While protest and rock ‘n’ roll go a long way in history, it was empathy that musicians appealed for at the Bacardi NH7 Weekender festival that kickstarted Friday at Laxmi Lawns, Magarpatta.
From the debate on intolerance to the Chennai floods, musicians appealed audiences to recognise their larger social responsibility.
After an electrifying set as Carnatic rock act Baiju Dharmajan Syndicate wrapped up its act, they reminded the audience about the Chennai floods and had a special request, “Don’t just change the colour of your Facebook profile picture to show solidarity. Do something, move yourself physically to do something real. They need your help.”
Easily one of the most popular Indian acts, Dhruv Voyage, where artiste Dhruv Ghanekar collaborated with some well-known desi and international artists, also had something special for audiences – Ghanekar’s first ever song with a political angle.

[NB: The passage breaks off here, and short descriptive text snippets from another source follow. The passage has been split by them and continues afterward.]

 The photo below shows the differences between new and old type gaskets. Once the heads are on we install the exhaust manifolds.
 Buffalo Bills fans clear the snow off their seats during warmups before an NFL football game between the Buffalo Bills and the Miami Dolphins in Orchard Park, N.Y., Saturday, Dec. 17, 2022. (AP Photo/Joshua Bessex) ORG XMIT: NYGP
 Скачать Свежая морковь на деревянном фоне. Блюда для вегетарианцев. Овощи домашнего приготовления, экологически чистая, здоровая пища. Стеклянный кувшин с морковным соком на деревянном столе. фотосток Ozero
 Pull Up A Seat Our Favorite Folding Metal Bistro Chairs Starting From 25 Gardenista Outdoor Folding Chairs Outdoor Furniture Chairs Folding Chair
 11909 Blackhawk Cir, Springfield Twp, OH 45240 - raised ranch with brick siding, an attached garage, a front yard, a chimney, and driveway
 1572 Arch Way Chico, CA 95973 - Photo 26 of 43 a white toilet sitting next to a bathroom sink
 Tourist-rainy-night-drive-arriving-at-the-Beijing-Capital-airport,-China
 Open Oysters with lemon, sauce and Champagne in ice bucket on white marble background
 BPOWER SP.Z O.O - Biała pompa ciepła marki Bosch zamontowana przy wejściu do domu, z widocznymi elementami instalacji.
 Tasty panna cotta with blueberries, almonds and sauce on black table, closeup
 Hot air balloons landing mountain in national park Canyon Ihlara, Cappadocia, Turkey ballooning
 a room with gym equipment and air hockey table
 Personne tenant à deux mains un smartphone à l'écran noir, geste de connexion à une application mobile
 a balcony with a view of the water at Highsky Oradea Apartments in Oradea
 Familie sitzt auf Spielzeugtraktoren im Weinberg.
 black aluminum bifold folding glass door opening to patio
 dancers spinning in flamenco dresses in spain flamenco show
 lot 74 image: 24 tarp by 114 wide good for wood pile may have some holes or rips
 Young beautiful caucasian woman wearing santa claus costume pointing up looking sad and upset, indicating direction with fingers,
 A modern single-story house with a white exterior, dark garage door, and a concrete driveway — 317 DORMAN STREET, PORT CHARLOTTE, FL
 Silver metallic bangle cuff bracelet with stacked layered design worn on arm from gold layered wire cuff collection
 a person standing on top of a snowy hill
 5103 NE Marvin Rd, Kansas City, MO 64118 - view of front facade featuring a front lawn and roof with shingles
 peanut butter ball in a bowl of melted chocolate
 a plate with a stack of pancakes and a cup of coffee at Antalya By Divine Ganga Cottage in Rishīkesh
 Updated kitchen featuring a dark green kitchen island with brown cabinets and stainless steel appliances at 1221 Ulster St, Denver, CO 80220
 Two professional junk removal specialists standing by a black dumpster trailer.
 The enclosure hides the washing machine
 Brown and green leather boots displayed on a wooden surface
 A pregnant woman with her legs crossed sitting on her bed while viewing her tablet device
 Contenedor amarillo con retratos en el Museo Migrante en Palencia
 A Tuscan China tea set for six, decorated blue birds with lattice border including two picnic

At the end of his band’s 40-minute act that featured songs from his recent Coke studio stint as well, the best received song was Revolution.
Ghanekar, who believes that artistes need to stand up and speak out had audiences screaming as he belted out, “Focus, who are the f***kers behind the mask..”
Like every year, music remained the high point of the festival with the last act of Scottish post-rock quintet Mogwai having the final say.
While post rock had long been relegated to the margins in 2015, Mogwai, who have consistently put out innovative material, owned the stage playing a delectable set comprising some of their best-known tracks such as Rano pano and Auto rock.
Despite having talent, some great songs, and with youth on their side, the UK-based act, The Clameens, failed to make their mark with audiences with Delhi based singer-songwriter Prateek Kuhad’s dreamy numbers like Tune Kaha maine, sun liyaaa forcing people to sing along with him.
While ample parking available near the venues was a big thumbs-up and some lessons seemed to have been learned from the previous year’s experiences as far as traffic management was concerned, people complained of the lack of visual treats.
“NH7 weekender is as much about the design and visual treat as the music. This year, there were no art installations like the Rockness Monster which was like a giant hand-snake rising out of water or these flowers that would light up when we would sit. Those were fun,” said Nishi Mehra.